Por motivos econômicos, algumas vezes políticos, ou, em outras poucas vezes, sociais, vêm se tornando cada vez mais freqüentes as ameaças de invasão de terras, sejam elas improdutivas ou produtivas. Ao proprietário rural, na realidade, pouco importa o motivo ou o critério da escolha do imóvel a ser invadido; importa a agressão que sente e a necessidade de proteger sua propriedade.

A invasão (ou ocupação, como os agressores querem denominar, com o fim de descaracterizar a própria agressão), do ponto de vista jurídico, não passa de um esbulho que no conceito legal significa uma forma de aquisição da posse por meios violentos, clandestinos e precários. Tal agressão é, inclusive, passível de acarretar uma forma de defesa também violenta, que, no caso, não parece ser a medida mais adequada a ser tomada, vez que envolve meios caros, perigosos, nada confiáveis, inconvenientes politicamente e que, até, podem servir ao ¨jogo¨ de extremistas que utilizam movimentos sociais como massa de manobra para atingir fins ideológicos.

Como prevenir

O proprietário rural não pode esquecer que existem soluções preventivas, não violentas, legais, dentro do Estado Democrático de Direito, que a grande maioria da população deseja preservar. Uma destas soluções, como mecanismo jurídico/processual inicial à proteção da propriedade, é o Interdito Proibitório.
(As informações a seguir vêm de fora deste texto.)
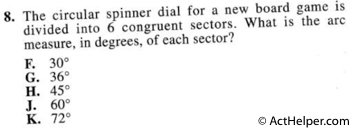8. The circular spinner dial for a new board game is divided into 6 congruent sectors. What is the arc measure, in degrees, of each sector?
Ele pode, e deve, ser utilizado no momento em que o proprietário tem informações de que o seu imóvel pode vir a ser invadido, ou, simplesmente tenha receio de que ela, a invasão, venha a ocorrer. A concessão liminar do mandado de Interdito depende das provas apresentadas, documentais e/ou testemunhais. Estas provas, apesar de geralmente os invasores serem bem organizados, são de fácil obtenção; ademais disso, o Judiciário já mostra uma postura de aceitação menos exigente em relação às provas a serem produzidas, conforme já fixado em jurisprudência: ¨Sendo fato público e notório a constante invasão de terras nos dias atuais, configura-se o justo receio de moléstia a posse¨ (RT 631/152). Assim, pode bastar um simples acampamento na região próxima à propriedade, que já estará configurado ¨justo receio¨, como condição suficiente para a obtenção de uma ordem judicial.
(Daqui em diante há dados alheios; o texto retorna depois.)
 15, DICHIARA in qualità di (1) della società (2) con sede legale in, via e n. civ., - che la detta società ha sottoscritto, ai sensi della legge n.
Muitos dirão que tais instrumentos legais são de pouca eficiência, pois, mesmo com a ordem judicial de proteção do imóvel, e, mesmo esta ordem impondo pena financeira ao Poder Público, no caso de ocorrência da invasão, ela acaba por acontecer. Dirão, também, que ocorrendo a invasão - caso em que, automaticamente, o Interdito converte-se em uma Reintegração de Posse - o Executivo Estadual nada faz, ou demora a fazer algo, para despejar os invasores. Tais afirmativas são verdadeiras; mas vai aqui uma sugestão: se no momento do estabelecimento de um acampamento, todos os proprietários rurais da região interpuserem, cada um, seu Interdito Proibitório, o próprio Judiciário Estadual, de forma indireta, mas legítima, deverá pressionar o Executivo Estadual, levando-o a tomar alguma providência em relação aos acampados da região.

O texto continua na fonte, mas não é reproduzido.